In the first of the books, Osnovy sovremennoi arkhitektury he was already anticipating the appearance of several great skyscrapers of the future: the Palace of the Soviets (1932), the Moscow University building on Vorob’yovye (Sparrow) Hills (1955).

The 101 Architectural Fantasies, a very fine example of colour printing, was perhaps the last avant-garde art book to be published in Russia during the Stalinist era. Its remarkable designs uncannily predict the architecture of the later 20th century. However his unusual ideas meant that Chernikhov was distrusted by the regime. Although he continued work as a teacher and held a number of one-man shows, few of his designs were built and very few appear to have survived. Amongst the latter is the tower of the 'Red Nailer' factory in St. Petersburg.
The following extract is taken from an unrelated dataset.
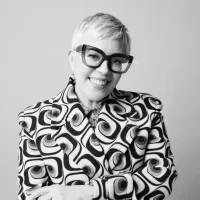 Black and white image of a smiling person with short hair, wearing large glasses and a bold, patterned jacket with swirling designs. Confident and cheerful.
Chernikhov also produced a number of richly designed architectural fantasies of historic architecture, which were never exhibited in his lifetime. A book on 'The Construction of Letter Forms' containing some of his typographical designs, was published after his death, in 1959.

Chernikhov was a tireless advocate for the importance of literacy in graphics. He believed that competency in representational skills — descriptive geometry, and drawing — was as necessary for every person as the ordinary skills of literacy. In addition to his very productive studio work, Chernikhov taught 
in the system of special workers’ classes (rabfak), was on the faculty of the architecture and construction departments of several institutions of higher learning, and developed a methodology for training students quickly and effectively in the fundamentals of graphics.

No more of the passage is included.